A/N: Honestly, I don't know where the heck this story came from. I woke up with it stuck in my head and I had to get it down. I haven't watched the movie in ages, so it was weird. But I like it. I hope you all do too! Laurie's really not my favorite character out of the bunch, I love him but there are others I love more, so it's surprising to me that so far my only "Little Women" fics are from his point of view.
My body was numb but my feet moved on their own volition. My harsh words were echoing back to me as I crashed through the woods, eager to put as much distance between me and the woman I thought I knew. How could she say no? We loved one another; I saw it in her eyes every time they lit up at the sight of me. Apparently it was nothing more than familial affection.
One day she would love someone, just as I condemned her to, yet she will never love him completely. She and I are two halves of the same whole, our hearts and souls are entwined and nothing can break that bond; though today I saw it weaken.

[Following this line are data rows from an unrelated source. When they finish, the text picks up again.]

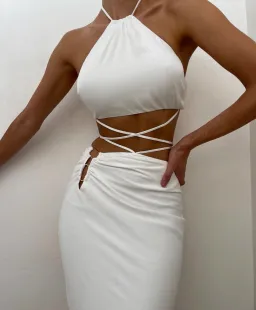 MESHKI Leanne Halter Tie Front Midi Dress White Size 6 for rent on The Volte - image 2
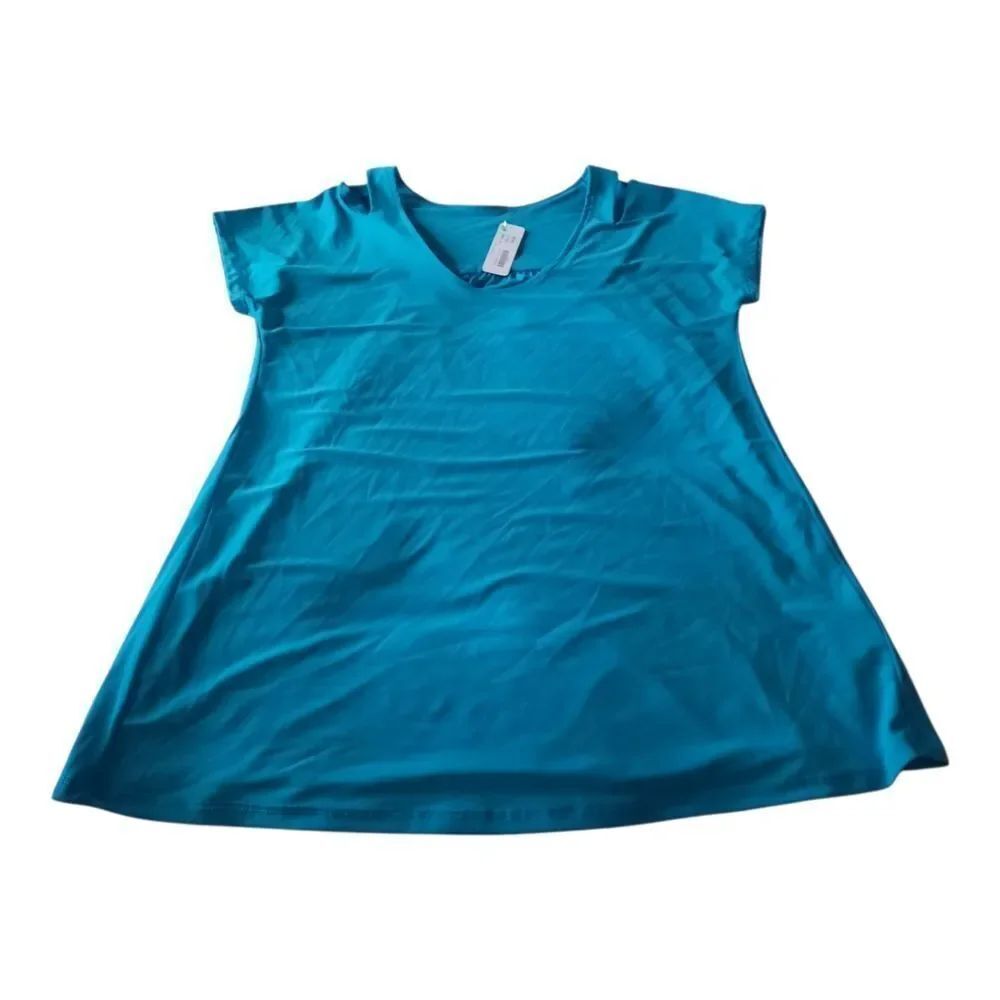 Vibrant Blue Short Dolman Sleeve A-Line Top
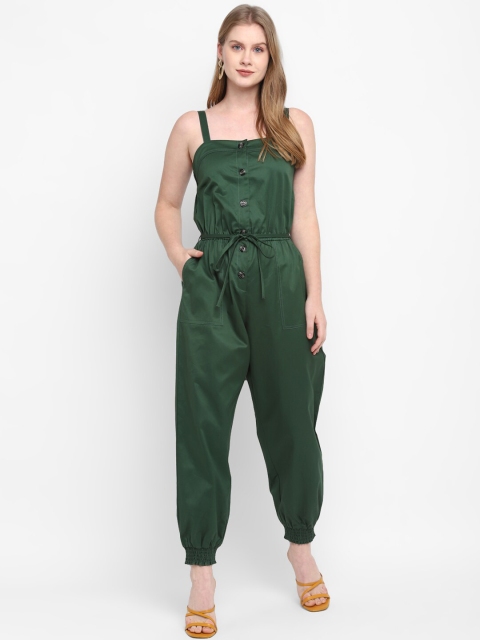 

FOSH Women Green Solid Sleeveless Jumpsuit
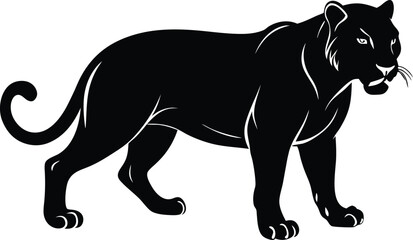 Obraz premium Black panther silhouette vector illustration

Branches tore at my shirt and the muddy water from the creek stained my trousers. I stormed through the forest blindly. My heart felt as though it were cracking into a million pieces, yet my blood boiled with anger at her rejection. I wanted to rage out, yell, scream and cry. But I couldn't, I was too close to the houses, they would all hear and think me mad. Perhaps I was.
I stormed into my grandfather's house, ignoring the "Good afternoon, sir" from the butler. The few maids he had scurried out of my path. I slammed shut the door to the study, threw the papers and books that had accumulated on the piano and threw open the lid.
I pounded my anger into the keys, wishing my fingers would crack and bleed at the force of it so the outside would reflect the torture within me. I saw nothing but the tears in her eyes and the fear in her voice. Was the thought of marriage to me so terrifying? But she would get no better offers in the future and would now die an old maid.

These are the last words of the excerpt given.